展昭此時巨闕已經落地,右臂的紅袍劃破,清晰可以看到血肉微翻,血從傷口流出。他沒想到自己跳出了圈子,白玉堂還會反身刺過來,也只怪自己大意。
白玉堂一愣,看了眼畫影上的血跡一皺眉,「你怎麼不躲!」好歹是個南俠,怎麼連五爺這麼隨意的一劍都躲不過!
「白五爺果然武藝精湛,展某甘拜下風!」巨闕都落地了!展昭長而微卷的睫毛下,一雙如朝露的眼睛望向白玉堂漆如黑墨的雙瞳,低頭淺笑。
「哼!」笑的真難看,他笑容透著一股子苦澀的味道,白五爺憤憤想,什麼甘拜下風!勝負未分,難道五爺看不出來麼?
畫影入鞘,白玉堂睨眼看了下展昭的傷口,嘴唇猶豫的動了動,才放言道:「把傷養好了,五爺還會再來的,現在打敗你,免得江湖人說五爺欺負一隻病貓,壞了爺的名聲!」白玉堂眉毛揚起,眉宇之間是放蕩不羈的神色,未等展昭回話,人已經消失在黃昏之中。
展昭嘆了口氣,彎腰拾起巨闕後走到一棵樹前,撿起被自己擋落的白石子,這石子刻有一個‘玉’字,晶瑩剔透煞為精緻。
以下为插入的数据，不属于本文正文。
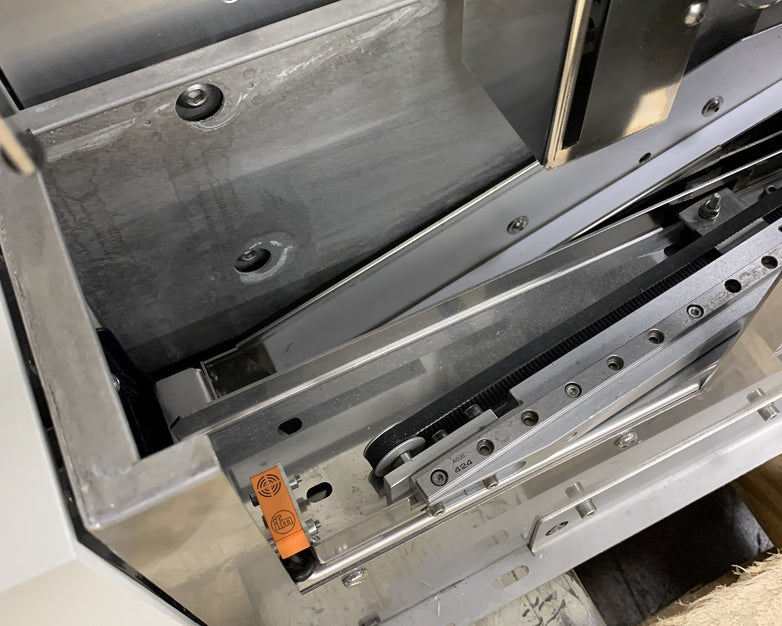 Leica CV5030 Automated Coverslipper and TS5010 AutoStainer Plugged Hose Parts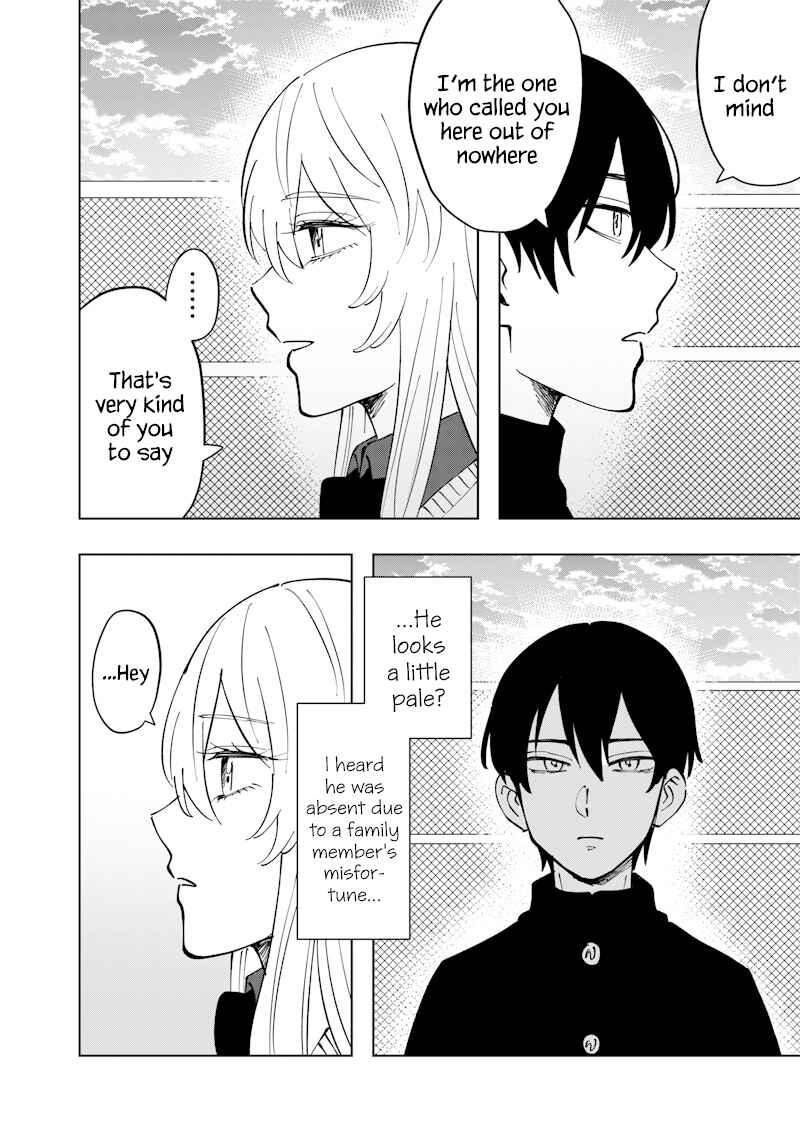 Page 14 Chapter 18 Asahina-san no Bentou Tabetai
展昭想著這人找上門來,不由苦笑,心道,怎麼連暗器都要做的這麼精緻!丟了不就沒有了嗎?把石子放入懷中,展昭進房間包紮,這傷定不能讓公孫先生知道了,不然這苦藥又免不了!
爺又沒做錯事情,跑這麼快乾什麼!白玉堂停下腳步往後看了眼開封府,然後回頭慢慢走。瞧那貓一副傻樣,劍來了也不會躲,要不是五爺劍收的快,那隻貓早就送了半條命了!
白玉堂把擋在自己面前的石頭一下子踢得粉碎,煩躁的搖搖頭,「傷都傷了,五爺想那麼多幹什麼?不過,爺來就是不讓那隻貓好過的啊!」白玉堂挑了挑眉梢,英神俊朗的臉上露出絲絲玩味,「若不是那皇帝的戲言,五爺又怎麼去找那隻貓的麻煩!」白玉堂碎碎念道,然後改了方向往皇城方向走去。
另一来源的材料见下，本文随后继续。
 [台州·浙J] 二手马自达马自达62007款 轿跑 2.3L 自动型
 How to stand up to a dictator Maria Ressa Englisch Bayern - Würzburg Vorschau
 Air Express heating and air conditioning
入夜,一彎新月劃過琉璃裝飾的角樓,給高牆內灑下一片朦朧昏黃的光。
突然一道白影如鬼魅般飛上高牆,白玉堂俯身在屋頂,看著錯落有致的殿群中央坐落著一座厚重而肅穆的大殿,他雙眼閃動,嘴角魅惑一笑,沉鬱的殿影帶來陣陣壓迫感也隨之不覺。
一座精緻但在皇宮中極為普通的屋中,穿著灰色宦服的小太監何常喜給郭安端來茶水,這郭安乃是內苑萬代壽山的總管,郭槐之侄。
自從郭槐遭誅之後,他也不想想所做之事該剮不該剮,每每暗想道:當初咱叔叔謀害儲君,偏偏的被陳林救出,以致久後事犯被戮。細細想來,全是陳林之過,必是有意與郭門作對。再者,當初我叔叔是都堂,他是總管,尚且被他治倒,置之死地。何況如今他是都堂,我是總管。倘或想起前仇,咱家如何逃出他的手心裡呢?這以大壓小更是容易。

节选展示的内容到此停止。